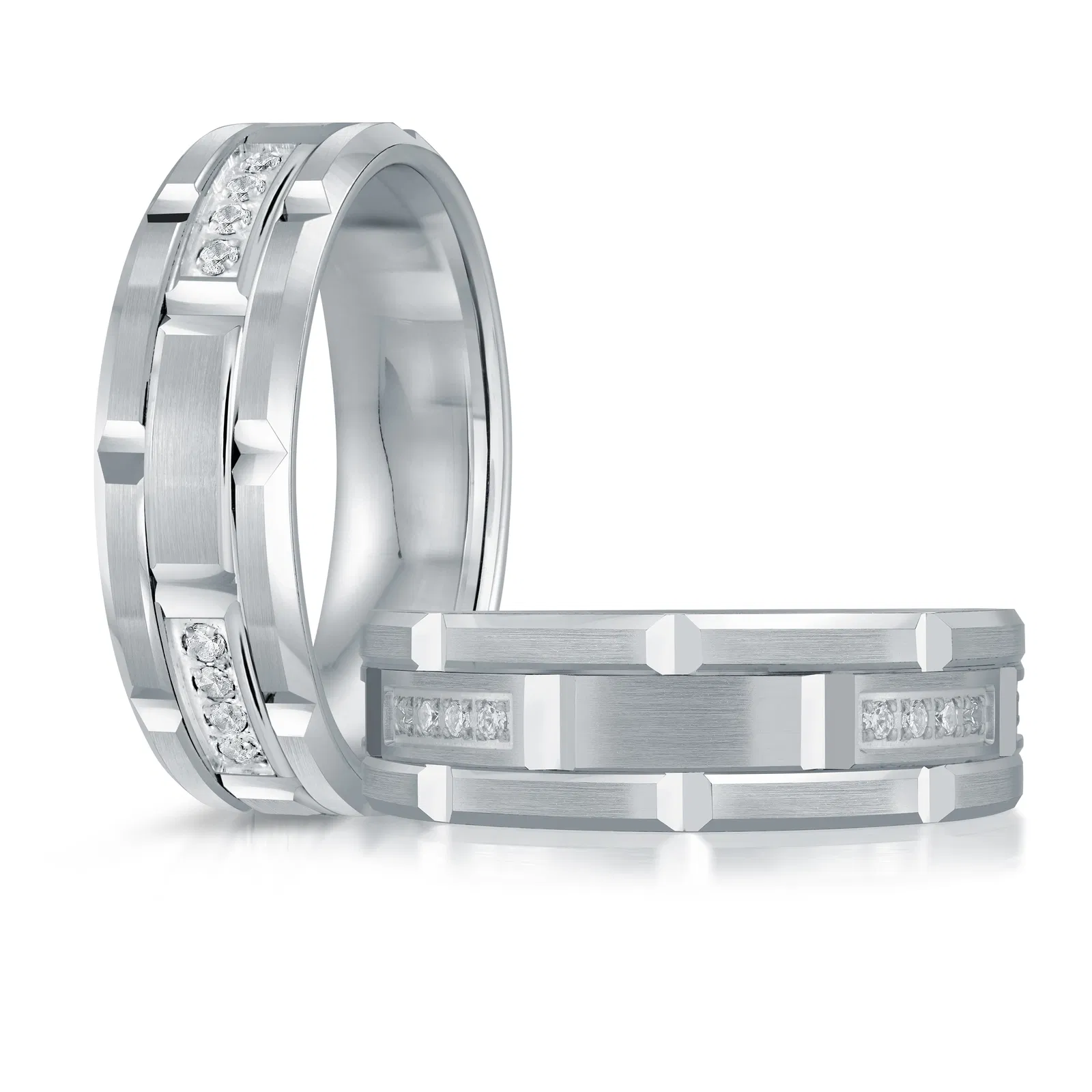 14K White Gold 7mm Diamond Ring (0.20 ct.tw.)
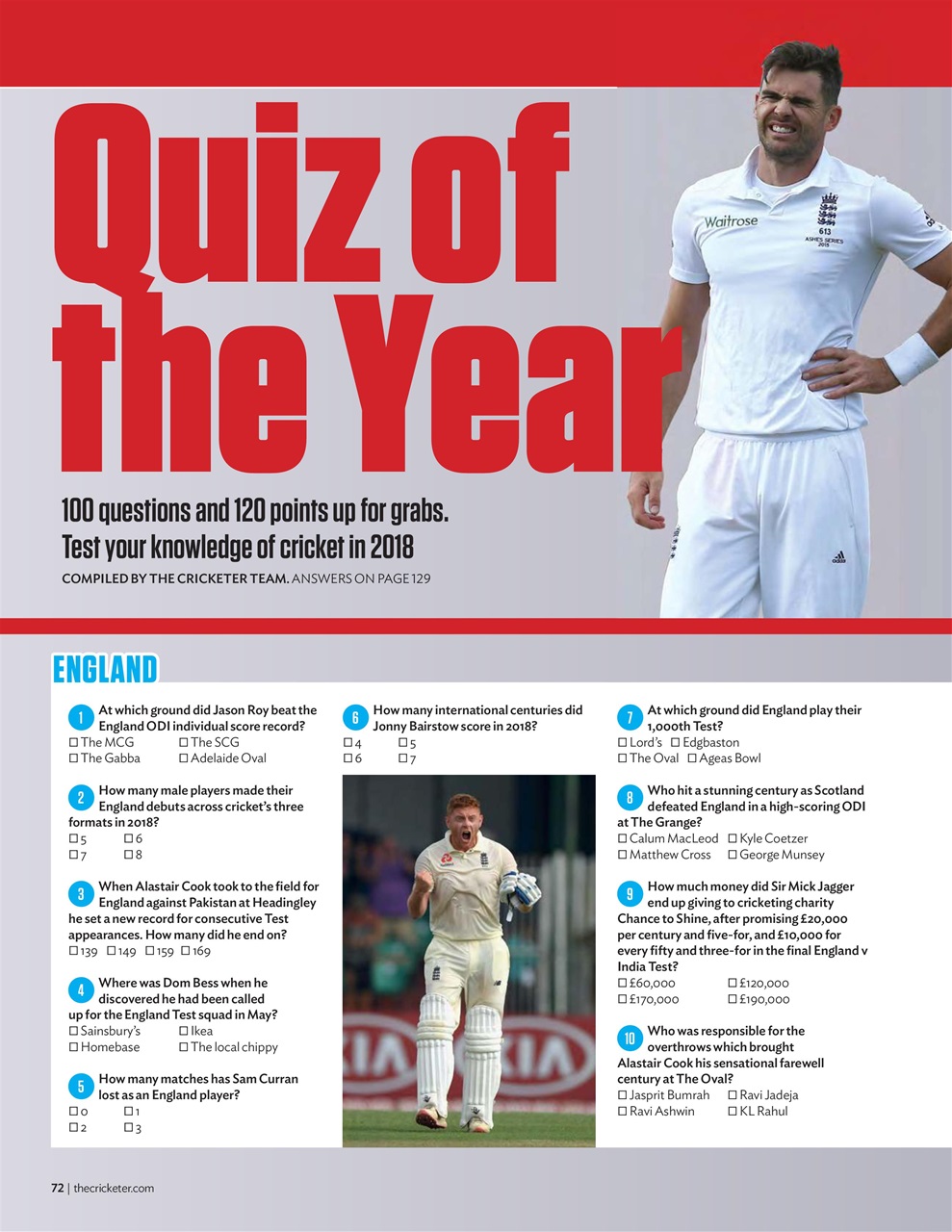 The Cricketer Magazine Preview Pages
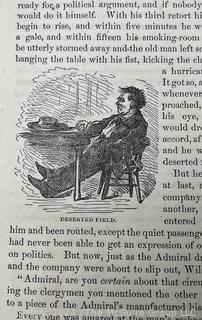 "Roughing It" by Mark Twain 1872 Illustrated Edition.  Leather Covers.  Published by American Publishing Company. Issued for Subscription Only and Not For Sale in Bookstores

(Exercise aim) Every line above is to be duplicated exactly; no picture should be carried over.

(Result)
 14K White Gold 7mm Diamond Ring (0.20 ct.tw.)
 The Cricketer Magazine Preview Pages
 "Roughing It" by Mark Twain 1872 Illustrated Edition.  Leather Covers.  Published by American Publishing Company. Issued for Subscription Only and Not For Sale in Bookstores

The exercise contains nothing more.